Denis Curran, Head of Food Bank Charity, on Hunger due Welfare Sanctions

June 1, 2016

This is another piece I found on Youtube. It’s a charity worker for Loaves and Fishes, a food bank, before the Scots parliament way back in 2014, talking about his work delivering food to the absolutely poverty-stricken, hit by the government’s savage cuts and sheer exploitation by grasping employers. And it’s very powerful and moving stuff.

Mr Curran talks about people traipsing three or four miles from the town centre, just to get something to eat. A mother, who hasn’t eaten for three days, because she’s been trying to feed her children. And then there’s a man, who worked for two hours for a prospective employer, and, unbidden, cleaned up after himself, only to be told that ‘he wasn’t suitable’, and sent home without any pay for the two hours he’d put in. One man he saw had been sanctioned for eleven weeks. That’s eleven weeks without money. He talks about the rise in suicide from sheer desperation by the people hit by the cuts. He also talks about how some official agencies won’t store food, because their employees have left the room in a mess, and they don’t want to encourage it, or they fear cross contamination from the different types of food if they’re put together. Or they want it delivered, but they have to keep within their budgets, so there’s no help for it. Curran also states that he’s a pensioner, who uses two sticks and sometimes he can’t get about. But if he can’t make a delivery for a certain social work agency on a certain day, he’ll get told that he can’t make another delivery until Wednesday, because of the way that agency’s doing things. As a result, the family that needs it haven eaten up till then. He talks about people going to food banks to get baby clothes for a new baby. He states that the government see people on benefits as scroungers and layabouts, when this is not the case, and are penalising them for being poor. He describes how quickly the sanctions legislation was passed. They made the decision on a Thursday, and then five days later, the next Tuesday, it became law. He asks what would happen if MPs were forced to go without pay, their gas, water and electricity cut off, and their fridges emptied, so they were forced to use food banks. Not how they would cope financially, but how it would affect them mentally. He also states that he’s been coming to meetings like this since 1993, and the only thing changes is that he keeps coming to more meetings. And he expects to be coming to another one in 2016. He recalls that he and his wife grew up during the Second World War. And he criticises the government for making us a 21st century society, but with 1930s values. Back during the War they gave you a ration book. Now it’s vouchers for a food bank. ‘What’s the difference, eh?’

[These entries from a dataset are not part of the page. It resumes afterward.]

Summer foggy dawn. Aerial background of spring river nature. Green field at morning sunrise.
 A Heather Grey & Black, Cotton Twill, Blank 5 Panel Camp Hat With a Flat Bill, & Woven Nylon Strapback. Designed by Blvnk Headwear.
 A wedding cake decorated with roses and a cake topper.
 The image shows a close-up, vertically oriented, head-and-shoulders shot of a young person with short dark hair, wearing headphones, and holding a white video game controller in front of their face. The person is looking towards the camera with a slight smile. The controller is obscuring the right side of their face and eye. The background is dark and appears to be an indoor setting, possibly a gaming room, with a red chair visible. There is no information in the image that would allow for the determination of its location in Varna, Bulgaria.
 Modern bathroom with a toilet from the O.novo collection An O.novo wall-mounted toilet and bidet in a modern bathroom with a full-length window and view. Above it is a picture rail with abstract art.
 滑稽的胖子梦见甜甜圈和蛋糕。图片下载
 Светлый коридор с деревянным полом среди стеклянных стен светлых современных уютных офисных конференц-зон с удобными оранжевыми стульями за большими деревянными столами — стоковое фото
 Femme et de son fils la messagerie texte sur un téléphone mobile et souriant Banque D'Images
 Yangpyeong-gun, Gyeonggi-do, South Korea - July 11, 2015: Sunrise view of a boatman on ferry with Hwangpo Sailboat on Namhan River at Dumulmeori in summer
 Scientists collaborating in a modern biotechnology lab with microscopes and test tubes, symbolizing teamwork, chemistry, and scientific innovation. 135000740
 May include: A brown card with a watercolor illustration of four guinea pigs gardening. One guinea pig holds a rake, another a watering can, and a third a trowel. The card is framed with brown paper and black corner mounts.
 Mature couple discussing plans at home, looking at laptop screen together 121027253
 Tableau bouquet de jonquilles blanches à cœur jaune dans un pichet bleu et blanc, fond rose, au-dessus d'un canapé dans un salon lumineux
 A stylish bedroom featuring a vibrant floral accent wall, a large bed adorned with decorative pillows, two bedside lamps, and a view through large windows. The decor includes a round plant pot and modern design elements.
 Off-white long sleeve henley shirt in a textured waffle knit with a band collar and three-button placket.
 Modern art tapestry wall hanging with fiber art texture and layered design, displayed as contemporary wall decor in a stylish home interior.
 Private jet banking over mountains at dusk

It’s powerful, angry stuff, from someone, who is on the frontline of trying to help people keep body and soul together. Mr Curran comes from East Kilbride, and describes how he travels about all over Scotland to deliver his food parcels. Listening to him, this viewer from south of the Border was reminded of Iain Patterson’s fictional Rab C. Nesbit and his acute observations on poverty, society and politics. Nesbit was a benefits’ scrounger, and the show was comedy, but it also took the opportunity to tell some very harsh truths about the attitude of the Jobcentres, smarmy politicians and clergy, who affected concern for the poor, but had little real understanding, as well as other manifestations of pomposity, meanness, stupidity and arrogance.

Unfortunately, this is all real. And its victims aren’t scroungers like Nesbit. And there’s nothing funny about this situation at all.

As for seeing how the MPs would survive mentally if you could off their household supplies, leaving them with only the food bank to rely on, it’s manifestly obvious that they couldn’t cope. And they know it. Thirty years ago when Thatcher started cutting benefits, Geoffrey Dickens was invited by Channel 4 to survive on the dole for a week. He couldn’t. By the end of the week, his water and electricity had been cut off, and the food cupboard was empty. But the Tories have learned their lesson. Unfortunately, what they’ve learned is not to take up such challenges. One Tory MP, it might have someone from IDS’ wretched department, was invited to take part in a similar experiment for television. He turned it down, saying it was just a stunt. He knew he couldn’t survive, and didn’t want to give the opposition and viewing public the opportunity to watch him have to eat his words, ’cause there was precious little else he had left. But that’s the only thing that’s changed. The rhetoric of reproach hasn’t. Mr Curran talks about how ministers accuse the poor of going to food banks because their lazy and scroungers, when the truth is far from that. Unfortunately, that’s exactly what Edwina Currie has been saying, to give one example. When Panorama did a programme on the rise of food banks, she appeared on it to give her view that people were using them simply because they could, and they didn’t represent a rise in real poverty. Well, they are an indication of the grinding poverty and hunger that’s gripping Britain. And Currie’s a disgrace, along with all the other Tories, who claim otherwise, and especially Ian Duncan Smith and Stephen Crabb, Cameron’s heads of the DWP, who are responsible for the implementation of the cuts.